■ Task prompt
Using the data that follows, give again word for word the lines between the one holding "Bilecik’te üniversite öğrencilerinin" and the one holding "Pre-writing Stage 1.", inclusive. Omit the pictures.

■ Data shown
※

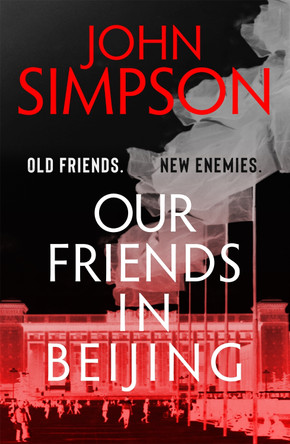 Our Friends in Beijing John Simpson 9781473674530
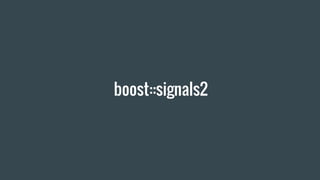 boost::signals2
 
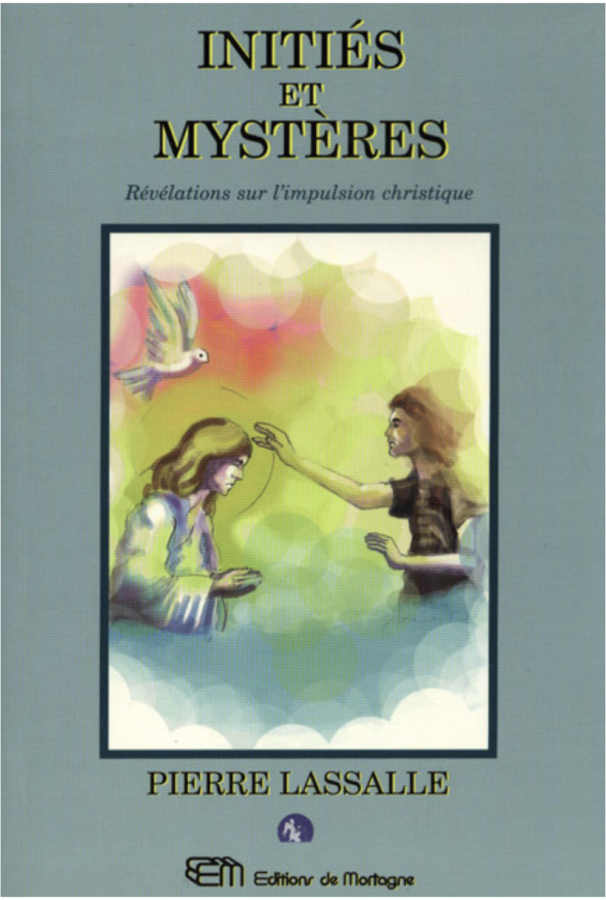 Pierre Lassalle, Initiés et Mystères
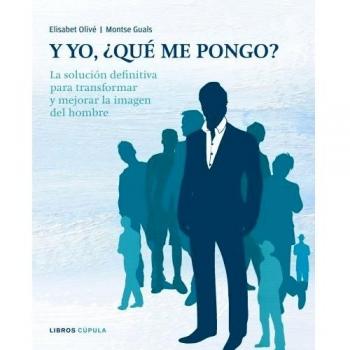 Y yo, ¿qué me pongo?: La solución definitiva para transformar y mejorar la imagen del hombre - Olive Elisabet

※

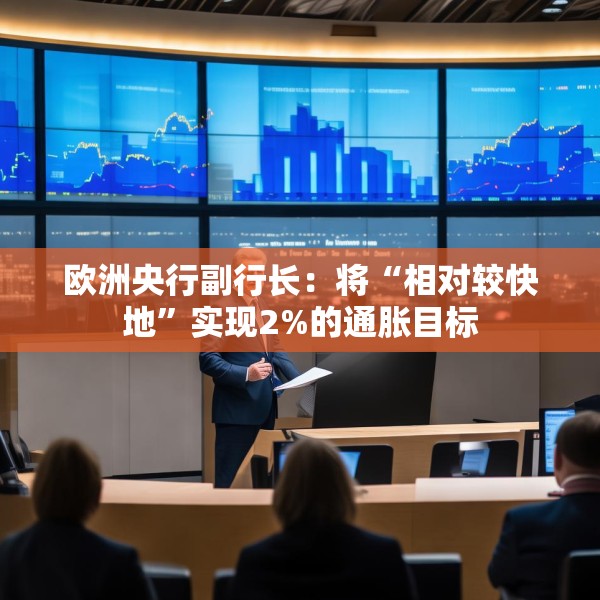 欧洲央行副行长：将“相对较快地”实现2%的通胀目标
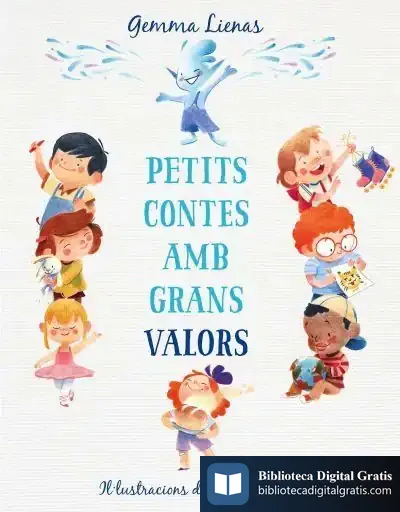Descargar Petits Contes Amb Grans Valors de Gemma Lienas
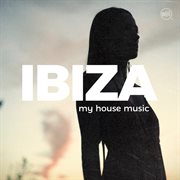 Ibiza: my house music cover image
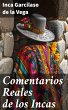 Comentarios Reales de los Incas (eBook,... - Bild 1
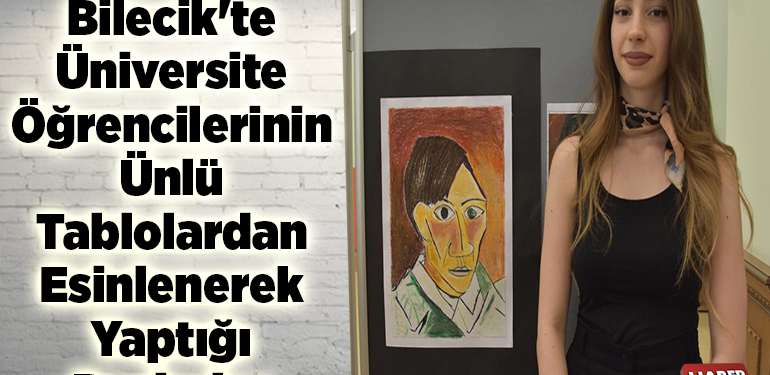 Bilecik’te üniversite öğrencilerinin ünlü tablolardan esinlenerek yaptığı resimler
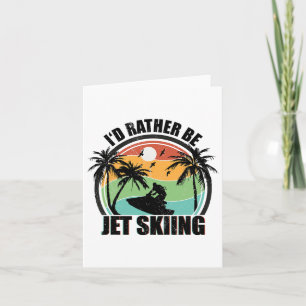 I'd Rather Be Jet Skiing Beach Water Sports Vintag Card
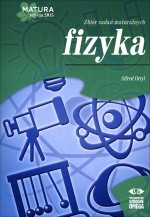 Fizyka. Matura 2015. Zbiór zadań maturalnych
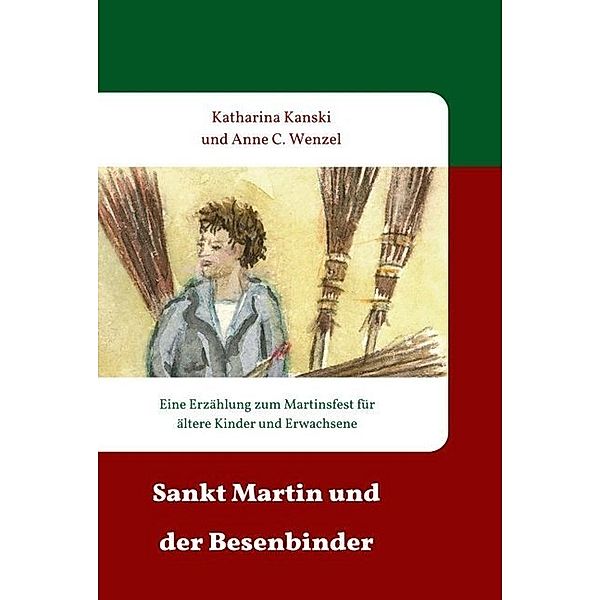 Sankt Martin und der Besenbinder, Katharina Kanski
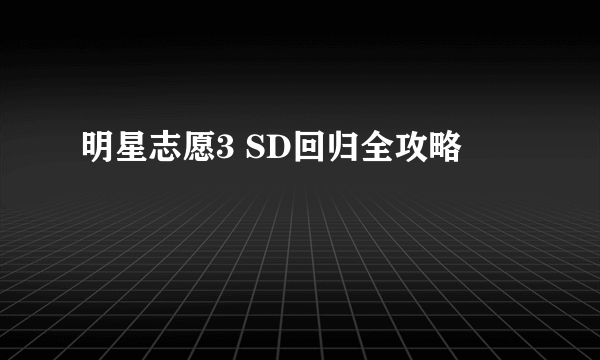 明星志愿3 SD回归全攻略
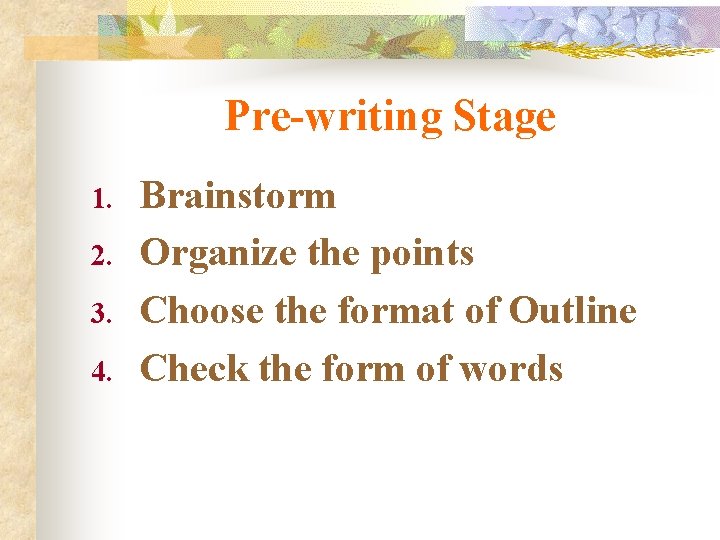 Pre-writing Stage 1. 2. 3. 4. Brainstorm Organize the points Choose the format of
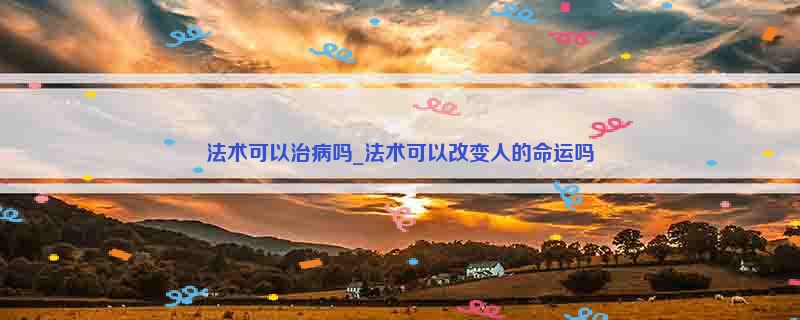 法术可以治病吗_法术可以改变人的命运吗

※

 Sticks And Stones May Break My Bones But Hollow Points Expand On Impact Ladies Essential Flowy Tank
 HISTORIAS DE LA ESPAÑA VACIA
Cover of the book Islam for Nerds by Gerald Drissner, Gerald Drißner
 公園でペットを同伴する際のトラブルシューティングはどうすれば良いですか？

※

■ Task output
 Bilecik’te üniversite öğrencilerinin ünlü tablolardan esinlenerek yaptığı resimler
 I'd Rather Be Jet Skiing Beach Water Sports Vintag Card
 Fizyka. Matura 2015. Zbiór zadań maturalnych
 Sankt Martin und der Besenbinder, Katharina Kanski
 明星志愿3 SD回归全攻略
 Pre-writing Stage 1. 2. 3. 4. Brainstorm Organize the points Choose the format of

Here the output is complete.